#### Task to carry out:
Once the line with "CHANEL Brown Bag - Picture 13 of 14" is found in the entries below, print it and each following line exactly, stopping after the line with "Thumbnail 1 in"; print nothing else.

#### Given records:
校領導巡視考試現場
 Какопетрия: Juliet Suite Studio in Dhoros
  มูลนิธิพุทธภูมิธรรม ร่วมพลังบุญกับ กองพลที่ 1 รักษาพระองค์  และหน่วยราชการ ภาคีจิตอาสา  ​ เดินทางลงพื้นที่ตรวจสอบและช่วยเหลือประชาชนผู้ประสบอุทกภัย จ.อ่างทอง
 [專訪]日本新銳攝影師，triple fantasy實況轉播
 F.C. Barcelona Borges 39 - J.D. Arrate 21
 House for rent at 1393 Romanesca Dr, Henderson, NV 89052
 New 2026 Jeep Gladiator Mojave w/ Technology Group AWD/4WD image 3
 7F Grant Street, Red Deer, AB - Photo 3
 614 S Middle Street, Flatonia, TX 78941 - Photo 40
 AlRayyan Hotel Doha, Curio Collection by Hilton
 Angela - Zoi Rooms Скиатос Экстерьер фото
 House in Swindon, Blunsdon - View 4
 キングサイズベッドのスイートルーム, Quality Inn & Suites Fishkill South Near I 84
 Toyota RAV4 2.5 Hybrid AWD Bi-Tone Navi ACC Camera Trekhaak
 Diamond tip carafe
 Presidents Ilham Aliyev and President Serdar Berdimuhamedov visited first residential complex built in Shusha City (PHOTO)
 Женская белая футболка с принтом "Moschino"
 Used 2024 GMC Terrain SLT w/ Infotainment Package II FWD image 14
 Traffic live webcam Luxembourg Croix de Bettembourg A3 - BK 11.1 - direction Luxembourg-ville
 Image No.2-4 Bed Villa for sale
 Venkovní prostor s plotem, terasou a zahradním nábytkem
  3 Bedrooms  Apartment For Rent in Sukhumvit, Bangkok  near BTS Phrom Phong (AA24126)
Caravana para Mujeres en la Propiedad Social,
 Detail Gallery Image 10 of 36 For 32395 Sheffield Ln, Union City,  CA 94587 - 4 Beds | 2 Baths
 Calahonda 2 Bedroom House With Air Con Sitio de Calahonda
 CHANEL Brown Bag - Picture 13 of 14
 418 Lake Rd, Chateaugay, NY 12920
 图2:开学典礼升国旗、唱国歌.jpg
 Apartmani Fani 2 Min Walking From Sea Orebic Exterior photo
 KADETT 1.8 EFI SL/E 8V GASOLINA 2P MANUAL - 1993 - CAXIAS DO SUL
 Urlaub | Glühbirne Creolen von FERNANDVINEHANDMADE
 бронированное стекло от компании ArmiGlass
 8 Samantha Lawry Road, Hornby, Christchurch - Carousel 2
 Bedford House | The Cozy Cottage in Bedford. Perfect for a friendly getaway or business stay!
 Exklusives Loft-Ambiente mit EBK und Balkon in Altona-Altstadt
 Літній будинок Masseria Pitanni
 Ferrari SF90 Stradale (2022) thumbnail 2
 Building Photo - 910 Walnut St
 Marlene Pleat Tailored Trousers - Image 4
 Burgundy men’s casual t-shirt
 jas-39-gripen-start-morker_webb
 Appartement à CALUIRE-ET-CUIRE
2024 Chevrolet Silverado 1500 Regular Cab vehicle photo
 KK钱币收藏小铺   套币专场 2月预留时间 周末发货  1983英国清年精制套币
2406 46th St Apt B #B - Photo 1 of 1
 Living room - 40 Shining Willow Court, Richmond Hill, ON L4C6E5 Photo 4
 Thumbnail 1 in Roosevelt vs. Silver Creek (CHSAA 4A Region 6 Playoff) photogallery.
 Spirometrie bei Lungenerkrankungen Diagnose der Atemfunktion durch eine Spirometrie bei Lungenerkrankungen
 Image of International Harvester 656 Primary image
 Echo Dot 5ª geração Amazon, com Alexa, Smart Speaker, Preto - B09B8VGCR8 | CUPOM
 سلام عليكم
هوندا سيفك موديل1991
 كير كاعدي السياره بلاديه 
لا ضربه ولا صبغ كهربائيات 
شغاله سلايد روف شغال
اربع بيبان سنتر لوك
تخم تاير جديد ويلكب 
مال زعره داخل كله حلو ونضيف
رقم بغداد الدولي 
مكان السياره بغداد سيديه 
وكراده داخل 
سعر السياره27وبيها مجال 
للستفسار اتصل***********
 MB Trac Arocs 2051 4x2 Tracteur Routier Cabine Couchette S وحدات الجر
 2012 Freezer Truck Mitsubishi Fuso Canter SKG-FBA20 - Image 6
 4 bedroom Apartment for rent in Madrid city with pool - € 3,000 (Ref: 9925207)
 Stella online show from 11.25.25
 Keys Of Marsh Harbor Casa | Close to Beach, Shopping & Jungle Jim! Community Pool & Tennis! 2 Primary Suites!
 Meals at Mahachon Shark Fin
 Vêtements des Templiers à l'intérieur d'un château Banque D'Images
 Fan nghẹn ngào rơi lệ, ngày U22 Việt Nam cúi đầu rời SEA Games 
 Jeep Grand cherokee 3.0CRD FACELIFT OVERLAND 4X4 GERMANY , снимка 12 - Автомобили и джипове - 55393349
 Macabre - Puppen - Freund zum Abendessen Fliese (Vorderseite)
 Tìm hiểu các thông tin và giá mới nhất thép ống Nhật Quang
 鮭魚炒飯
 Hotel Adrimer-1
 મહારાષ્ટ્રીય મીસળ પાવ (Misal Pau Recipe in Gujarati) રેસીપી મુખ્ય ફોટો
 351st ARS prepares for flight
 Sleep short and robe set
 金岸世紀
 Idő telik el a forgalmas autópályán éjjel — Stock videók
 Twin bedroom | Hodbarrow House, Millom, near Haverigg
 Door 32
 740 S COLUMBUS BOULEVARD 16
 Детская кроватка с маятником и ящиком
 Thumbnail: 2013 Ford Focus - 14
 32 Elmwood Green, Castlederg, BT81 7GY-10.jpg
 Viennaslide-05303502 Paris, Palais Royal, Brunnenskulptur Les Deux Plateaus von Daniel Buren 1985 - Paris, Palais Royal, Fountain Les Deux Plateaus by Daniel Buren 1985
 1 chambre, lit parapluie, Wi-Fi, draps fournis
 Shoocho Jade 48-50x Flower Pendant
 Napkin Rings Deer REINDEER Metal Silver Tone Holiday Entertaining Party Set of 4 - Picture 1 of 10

#### Result below:
 CHANEL Brown Bag - Picture 13 of 14
 418 Lake Rd, Chateaugay, NY 12920
 图2:开学典礼升国旗、唱国歌.jpg
 Apartmani Fani 2 Min Walking From Sea Orebic Exterior photo
 KADETT 1.8 EFI SL/E 8V GASOLINA 2P MANUAL - 1993 - CAXIAS DO SUL
 Urlaub | Glühbirne Creolen von FERNANDVINEHANDMADE
 бронированное стекло от компании ArmiGlass
 8 Samantha Lawry Road, Hornby, Christchurch - Carousel 2
 Bedford House | The Cozy Cottage in Bedford. Perfect for a friendly getaway or business stay!
 Exklusives Loft-Ambiente mit EBK und Balkon in Altona-Altstadt
 Літній будинок Masseria Pitanni
 Ferrari SF90 Stradale (2022) thumbnail 2
 Building Photo - 910 Walnut St
 Marlene Pleat Tailored Trousers - Image 4
 Burgundy men’s casual t-shirt
 jas-39-gripen-start-morker_webb
 Appartement à CALUIRE-ET-CUIRE
2024 Chevrolet Silverado 1500 Regular Cab vehicle photo
 KK钱币收藏小铺   套币专场 2月预留时间 周末发货  1983英国清年精制套币
2406 46th St Apt B #B - Photo 1 of 1
 Living room - 40 Shining Willow Court, Richmond Hill, ON L4C6E5 Photo 4
 Thumbnail 1 in Roosevelt vs. Silver Creek (CHSAA 4A Region 6 Playoff) photogallery.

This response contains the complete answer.